Dadaism – An art movement formed during the first World War in reaction to the horrors and folly of the war, in which the work is often satirical and nonsensical
To remember the meaning of Dadaism, use the following mnemonic:
She said "Da da" (Dadaism), which made me laugh and made no sense because I am her grandmother.
Famous Dada pieces include:
Duchamp's "Fountain" in which he purchased a urinal from a sanitaryware supplier and signed it "R. Mutt 1917" and submitted it as an artwork. Unfortunately the original has been lost.
Max Ernst's "Celebes" (1921) is a giant mechanical elephant with a corn bin and mannequin.
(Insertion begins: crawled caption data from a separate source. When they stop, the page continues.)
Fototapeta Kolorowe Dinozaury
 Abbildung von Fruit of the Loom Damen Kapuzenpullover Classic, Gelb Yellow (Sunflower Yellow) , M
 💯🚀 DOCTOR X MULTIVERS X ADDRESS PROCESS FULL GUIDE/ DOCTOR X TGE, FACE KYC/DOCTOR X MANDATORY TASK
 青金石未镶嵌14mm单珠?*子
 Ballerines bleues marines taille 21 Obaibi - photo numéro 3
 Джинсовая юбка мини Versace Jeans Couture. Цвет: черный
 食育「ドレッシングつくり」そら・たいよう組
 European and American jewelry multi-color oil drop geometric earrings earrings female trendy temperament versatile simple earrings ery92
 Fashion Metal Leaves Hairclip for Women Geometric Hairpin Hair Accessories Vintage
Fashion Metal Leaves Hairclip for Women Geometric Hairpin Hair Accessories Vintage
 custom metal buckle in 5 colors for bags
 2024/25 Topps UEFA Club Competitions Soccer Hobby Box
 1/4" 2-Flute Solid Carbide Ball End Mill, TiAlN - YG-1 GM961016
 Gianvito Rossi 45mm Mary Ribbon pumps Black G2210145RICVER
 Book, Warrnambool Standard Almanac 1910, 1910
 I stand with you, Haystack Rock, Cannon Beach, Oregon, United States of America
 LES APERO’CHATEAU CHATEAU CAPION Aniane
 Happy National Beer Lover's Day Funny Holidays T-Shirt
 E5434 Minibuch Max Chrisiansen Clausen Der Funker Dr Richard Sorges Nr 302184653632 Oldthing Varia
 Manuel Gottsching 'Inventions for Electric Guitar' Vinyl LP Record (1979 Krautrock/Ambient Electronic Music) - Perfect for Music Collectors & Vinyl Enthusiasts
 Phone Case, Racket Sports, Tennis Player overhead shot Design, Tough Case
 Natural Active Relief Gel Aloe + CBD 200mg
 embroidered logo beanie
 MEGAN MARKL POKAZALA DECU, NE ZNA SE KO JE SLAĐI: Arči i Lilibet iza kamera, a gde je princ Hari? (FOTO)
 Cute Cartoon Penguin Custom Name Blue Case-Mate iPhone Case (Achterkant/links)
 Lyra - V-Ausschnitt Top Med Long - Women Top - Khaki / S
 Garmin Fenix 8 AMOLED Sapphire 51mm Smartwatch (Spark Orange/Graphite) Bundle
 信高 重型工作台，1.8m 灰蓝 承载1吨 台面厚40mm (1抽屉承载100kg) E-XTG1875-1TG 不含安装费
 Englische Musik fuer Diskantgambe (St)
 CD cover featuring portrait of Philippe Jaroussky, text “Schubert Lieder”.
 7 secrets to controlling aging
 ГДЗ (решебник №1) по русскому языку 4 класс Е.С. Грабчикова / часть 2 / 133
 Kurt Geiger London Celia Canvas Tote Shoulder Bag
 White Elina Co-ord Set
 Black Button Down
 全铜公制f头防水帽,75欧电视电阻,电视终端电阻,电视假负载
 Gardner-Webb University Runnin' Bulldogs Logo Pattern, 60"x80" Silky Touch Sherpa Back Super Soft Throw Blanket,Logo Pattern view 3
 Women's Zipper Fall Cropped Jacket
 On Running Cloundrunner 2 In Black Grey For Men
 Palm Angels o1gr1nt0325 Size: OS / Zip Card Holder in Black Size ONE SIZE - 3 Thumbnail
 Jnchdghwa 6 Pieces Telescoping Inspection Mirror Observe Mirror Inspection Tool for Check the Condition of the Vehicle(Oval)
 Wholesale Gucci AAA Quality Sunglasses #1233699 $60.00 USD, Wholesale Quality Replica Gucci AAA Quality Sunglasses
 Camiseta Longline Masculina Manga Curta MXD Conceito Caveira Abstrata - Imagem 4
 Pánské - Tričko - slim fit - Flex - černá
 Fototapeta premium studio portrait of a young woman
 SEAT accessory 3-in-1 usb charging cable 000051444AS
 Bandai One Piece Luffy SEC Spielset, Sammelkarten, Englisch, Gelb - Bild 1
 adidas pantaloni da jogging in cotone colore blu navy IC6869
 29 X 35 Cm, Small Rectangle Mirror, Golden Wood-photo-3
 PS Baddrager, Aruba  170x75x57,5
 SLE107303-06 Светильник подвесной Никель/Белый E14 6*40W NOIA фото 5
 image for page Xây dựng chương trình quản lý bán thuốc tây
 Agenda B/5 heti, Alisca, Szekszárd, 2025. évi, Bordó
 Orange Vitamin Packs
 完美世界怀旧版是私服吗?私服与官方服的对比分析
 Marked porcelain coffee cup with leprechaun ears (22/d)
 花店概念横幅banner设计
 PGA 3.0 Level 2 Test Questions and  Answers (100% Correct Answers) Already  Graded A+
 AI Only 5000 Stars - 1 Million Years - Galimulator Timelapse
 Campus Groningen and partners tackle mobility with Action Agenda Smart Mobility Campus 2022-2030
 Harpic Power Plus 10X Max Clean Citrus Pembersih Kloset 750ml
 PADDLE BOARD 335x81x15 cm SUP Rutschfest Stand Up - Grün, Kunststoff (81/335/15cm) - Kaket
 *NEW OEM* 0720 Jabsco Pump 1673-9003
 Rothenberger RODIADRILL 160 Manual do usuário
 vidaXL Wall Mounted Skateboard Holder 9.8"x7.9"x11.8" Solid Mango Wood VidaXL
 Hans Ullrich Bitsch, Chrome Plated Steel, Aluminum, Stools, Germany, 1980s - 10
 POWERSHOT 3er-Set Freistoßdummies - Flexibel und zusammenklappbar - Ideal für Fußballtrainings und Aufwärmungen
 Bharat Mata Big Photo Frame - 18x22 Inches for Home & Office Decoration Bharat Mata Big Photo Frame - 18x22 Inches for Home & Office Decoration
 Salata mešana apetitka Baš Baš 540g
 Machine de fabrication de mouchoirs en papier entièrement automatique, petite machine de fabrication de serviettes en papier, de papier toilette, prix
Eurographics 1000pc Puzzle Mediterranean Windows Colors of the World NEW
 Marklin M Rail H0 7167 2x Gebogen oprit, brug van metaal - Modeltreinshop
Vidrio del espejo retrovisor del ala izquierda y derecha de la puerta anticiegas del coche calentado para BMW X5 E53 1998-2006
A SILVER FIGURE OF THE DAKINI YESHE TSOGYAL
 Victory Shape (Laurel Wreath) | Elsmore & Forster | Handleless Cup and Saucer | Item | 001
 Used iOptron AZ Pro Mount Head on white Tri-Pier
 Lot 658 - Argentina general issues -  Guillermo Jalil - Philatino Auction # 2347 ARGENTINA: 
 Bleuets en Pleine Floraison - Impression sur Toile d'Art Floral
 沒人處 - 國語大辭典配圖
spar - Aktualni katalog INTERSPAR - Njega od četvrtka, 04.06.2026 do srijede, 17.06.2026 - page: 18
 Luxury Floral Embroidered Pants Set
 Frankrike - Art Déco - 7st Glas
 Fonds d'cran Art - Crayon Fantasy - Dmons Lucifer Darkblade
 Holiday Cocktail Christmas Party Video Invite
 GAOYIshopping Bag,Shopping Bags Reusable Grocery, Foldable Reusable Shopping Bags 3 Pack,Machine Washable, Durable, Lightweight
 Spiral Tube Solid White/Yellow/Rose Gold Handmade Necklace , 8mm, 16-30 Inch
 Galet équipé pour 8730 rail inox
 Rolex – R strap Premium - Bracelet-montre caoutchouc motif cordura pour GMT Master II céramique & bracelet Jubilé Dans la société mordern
The Dada movement started as a protest against World War 1 and became a complete rejection of the prevailing standards of art. It was a movement that accepted chance and irrationality.
Dadaism encompasses so many things, but the most important thing is that it doesn't outwardly or obviously make any sense.
Here are some ideas you can try.
Stop making sense! Draw something that wouldn't make any sense, for example, an armadillo with a straw and cocktail umbrella and three holes like a coconut, in the snow.
Make a montage by cutting up newspapers and magazines.
Find a random item, sign it and call it art.
Challenge the idea of functionality. Take a photo of an object which is completely impractical for a task, for example using a daisy chain to keep a gate closed.